In any ‘early’ setup, a client had a single host, local ZFS storage, 16GB of RAM and two VMs allocated 8GB each. This was installed by just following the setup and letting it do it’s thing. Of course, one of the VMs would just shut off the moment there was high IO. Out of the box, ZFS was using 8gig and there was no page file configured. We adjusted ZFS down to use 4gig (to maintain SOME storage speed, this was a simple file server setup using large/slow drives), allocated the VMs 6GB each (still plenty for the job) and ran like that. This reduced the frequency of the killed VMs to ‘occasional’ from ‘constant’ but was still sailing too close to the wind.
So I pulled the host back in for a rebuild – set it back up again with ZRAM swap and some flash storage that could be used for additional swap and some ZIL/ARC, gave the VMs 16GB each just to stress test them. Runs fine in most circumstances (and is how I run some KVM machines on Debian without the involvement of Proxmox) but ZFS could still rear it’s head under super heavy IO. It would grab RAM faster than the system would page out, which is where I was coming at with saying that ZFS doesn’t feel like an integrated solution on Linux. As it stands, giving ZFS 2GB and the VMs 6GB each then turning the swappieness up has is working at a decent speed and stable. But, for example, if someone needed to run up a quick VM for some other purpose and didn’t think it all through, we’d be back to knocking the system over.

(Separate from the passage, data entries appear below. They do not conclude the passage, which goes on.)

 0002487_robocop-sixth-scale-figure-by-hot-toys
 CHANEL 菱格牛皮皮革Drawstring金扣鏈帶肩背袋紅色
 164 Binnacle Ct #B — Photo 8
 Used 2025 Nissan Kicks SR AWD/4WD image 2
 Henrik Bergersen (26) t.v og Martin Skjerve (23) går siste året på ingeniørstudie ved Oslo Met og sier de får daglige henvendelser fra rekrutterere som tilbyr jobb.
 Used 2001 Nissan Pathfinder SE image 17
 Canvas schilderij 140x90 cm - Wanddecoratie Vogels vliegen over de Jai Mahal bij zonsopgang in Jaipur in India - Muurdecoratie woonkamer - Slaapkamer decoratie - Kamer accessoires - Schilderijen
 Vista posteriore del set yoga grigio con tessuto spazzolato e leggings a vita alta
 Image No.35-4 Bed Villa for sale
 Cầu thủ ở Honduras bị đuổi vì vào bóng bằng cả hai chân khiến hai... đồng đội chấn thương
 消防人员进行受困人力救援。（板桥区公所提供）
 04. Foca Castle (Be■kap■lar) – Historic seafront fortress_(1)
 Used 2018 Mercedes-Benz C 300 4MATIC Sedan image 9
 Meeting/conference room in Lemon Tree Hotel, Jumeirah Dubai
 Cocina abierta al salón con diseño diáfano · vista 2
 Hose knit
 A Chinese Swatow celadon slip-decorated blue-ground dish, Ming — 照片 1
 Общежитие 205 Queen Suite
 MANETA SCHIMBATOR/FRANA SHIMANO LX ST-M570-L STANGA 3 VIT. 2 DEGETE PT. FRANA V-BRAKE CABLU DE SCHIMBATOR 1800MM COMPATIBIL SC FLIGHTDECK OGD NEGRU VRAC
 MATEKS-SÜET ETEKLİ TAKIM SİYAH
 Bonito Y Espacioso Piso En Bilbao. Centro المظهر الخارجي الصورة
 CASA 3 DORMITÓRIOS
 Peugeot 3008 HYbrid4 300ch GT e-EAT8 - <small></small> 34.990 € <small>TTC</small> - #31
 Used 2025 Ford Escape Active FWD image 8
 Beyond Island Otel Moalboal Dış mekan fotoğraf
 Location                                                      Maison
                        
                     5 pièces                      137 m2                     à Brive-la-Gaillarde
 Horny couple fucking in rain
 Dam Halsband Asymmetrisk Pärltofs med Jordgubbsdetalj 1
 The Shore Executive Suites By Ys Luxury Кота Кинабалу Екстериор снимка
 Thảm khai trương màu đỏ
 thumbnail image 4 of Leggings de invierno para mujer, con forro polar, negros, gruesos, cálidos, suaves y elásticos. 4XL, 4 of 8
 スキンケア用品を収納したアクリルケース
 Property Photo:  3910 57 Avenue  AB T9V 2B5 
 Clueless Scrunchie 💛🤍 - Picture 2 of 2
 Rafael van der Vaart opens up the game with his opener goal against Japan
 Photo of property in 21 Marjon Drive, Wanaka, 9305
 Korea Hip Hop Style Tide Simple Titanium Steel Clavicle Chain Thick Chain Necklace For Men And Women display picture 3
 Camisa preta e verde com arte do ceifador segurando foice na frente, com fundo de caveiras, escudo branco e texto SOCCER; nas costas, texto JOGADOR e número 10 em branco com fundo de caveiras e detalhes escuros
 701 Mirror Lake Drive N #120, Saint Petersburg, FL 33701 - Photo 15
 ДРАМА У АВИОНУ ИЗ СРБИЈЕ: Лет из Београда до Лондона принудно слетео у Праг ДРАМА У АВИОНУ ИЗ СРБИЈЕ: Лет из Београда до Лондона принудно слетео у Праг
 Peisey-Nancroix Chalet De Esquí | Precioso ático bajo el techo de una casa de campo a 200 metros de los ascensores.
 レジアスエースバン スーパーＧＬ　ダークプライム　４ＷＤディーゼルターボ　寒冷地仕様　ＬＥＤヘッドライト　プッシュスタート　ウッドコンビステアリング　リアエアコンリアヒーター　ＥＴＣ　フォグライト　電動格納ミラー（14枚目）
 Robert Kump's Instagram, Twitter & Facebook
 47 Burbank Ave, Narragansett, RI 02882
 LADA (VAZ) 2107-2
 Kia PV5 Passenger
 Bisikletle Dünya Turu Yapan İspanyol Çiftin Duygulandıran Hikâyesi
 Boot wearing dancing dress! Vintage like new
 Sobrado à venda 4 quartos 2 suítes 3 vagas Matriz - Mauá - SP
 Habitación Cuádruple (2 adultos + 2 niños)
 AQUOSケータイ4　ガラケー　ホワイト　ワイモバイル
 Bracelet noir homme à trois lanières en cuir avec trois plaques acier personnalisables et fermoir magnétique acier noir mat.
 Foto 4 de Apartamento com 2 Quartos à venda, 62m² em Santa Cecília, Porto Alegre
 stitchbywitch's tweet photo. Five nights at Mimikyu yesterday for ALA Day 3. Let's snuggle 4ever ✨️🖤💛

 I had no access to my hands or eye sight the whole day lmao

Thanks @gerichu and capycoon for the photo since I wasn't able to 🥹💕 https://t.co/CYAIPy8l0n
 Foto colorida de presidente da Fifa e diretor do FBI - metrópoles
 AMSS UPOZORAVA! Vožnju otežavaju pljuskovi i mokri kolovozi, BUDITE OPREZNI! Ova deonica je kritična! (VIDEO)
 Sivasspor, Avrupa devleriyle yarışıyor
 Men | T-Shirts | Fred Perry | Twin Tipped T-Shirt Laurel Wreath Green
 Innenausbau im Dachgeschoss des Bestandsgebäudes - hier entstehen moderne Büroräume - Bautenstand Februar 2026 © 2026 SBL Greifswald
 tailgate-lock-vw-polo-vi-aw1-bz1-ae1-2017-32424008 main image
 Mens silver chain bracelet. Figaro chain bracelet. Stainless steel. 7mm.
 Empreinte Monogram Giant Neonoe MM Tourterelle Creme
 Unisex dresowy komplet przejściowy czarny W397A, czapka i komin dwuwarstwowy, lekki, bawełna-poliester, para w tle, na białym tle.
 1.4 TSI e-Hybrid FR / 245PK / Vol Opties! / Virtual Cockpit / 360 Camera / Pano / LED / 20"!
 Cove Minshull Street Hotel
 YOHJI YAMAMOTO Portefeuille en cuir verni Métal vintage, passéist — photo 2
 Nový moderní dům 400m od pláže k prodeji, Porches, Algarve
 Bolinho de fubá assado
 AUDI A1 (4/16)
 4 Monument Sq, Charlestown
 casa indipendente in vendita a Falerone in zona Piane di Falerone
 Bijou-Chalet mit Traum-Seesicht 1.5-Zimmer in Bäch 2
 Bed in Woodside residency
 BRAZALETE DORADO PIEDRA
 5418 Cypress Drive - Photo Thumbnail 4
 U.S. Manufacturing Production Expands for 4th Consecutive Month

This is an older issue, so may have changed, but we also logged an improvement suggestion for the UI as the menu layout caught me and others out on occasion. There’s reset or restart for a VM. This is fairly usual for hypervisors, one it to have the gust OS restart itself and ‘reset’ kills the VM and start is again – like the reset switch. Fine. However, ‘reset’ was/is missing from one of the context menus (right click?) and it’s only on the button in one of the other panels. Every other option is in both menus, but NOT ‘reset’. It’s misleading. We logged this and the devs response was ‘but it’s in the other place, use that’. Crap.
Accidentally using the ‘restart’ button on a VM that’s guest OS is hung then leads to the hypervisor waiting for it to respond – which it won’t do because it’s hung. And then you can’t use the ‘reset’ option until that’s clear. To clear it on a cluster, you need to SSH into one of the hosts to locate and clear some lock file before you then kill off the process. It’s a silly little niggle in UI design that then sends you right back to the command line for 5 minutes.
Most of the above can be sorted by someone with some Linux/Hypervisor/Computing background but it just prevents me being confident handing an ISO to a generalised engineer and saying ‘go use this’ because the ‘default’ configuration you’ll end up with is poor enough that it’ll fall over. I still don't feel like I've come to a truly 'nice' setup yet.
When I find myself just going straight back to the command-line or manually configuring things on it, I wonder how much I’m really getting from using it in the first place. When I can run the same set of VMs up on my generic Ubuntu desktop PC 3 times over without having to tweak anything, why have I made my life harder with PVE? For some menus and graphs? I love being lazy and using an out of the box product, but this isn’t it.
To me, it’s currently not convenient. That’s a fine place to start for a beta and some homelab tinkering, but they’re selling the thing and calling it version 8. The current attitude from the devs and the user base (again, the loud ones) worries me it won’t be driven towards a bit of polish for some time.
Maybe I’m just commenting on a common FOSS problem. If something isn’t polished, there’s still that ‘that’s because you don’t know what you’re doing’ attitude from some. At least the Windows people out there are used to ‘yeah, it’s a bit crap like that’.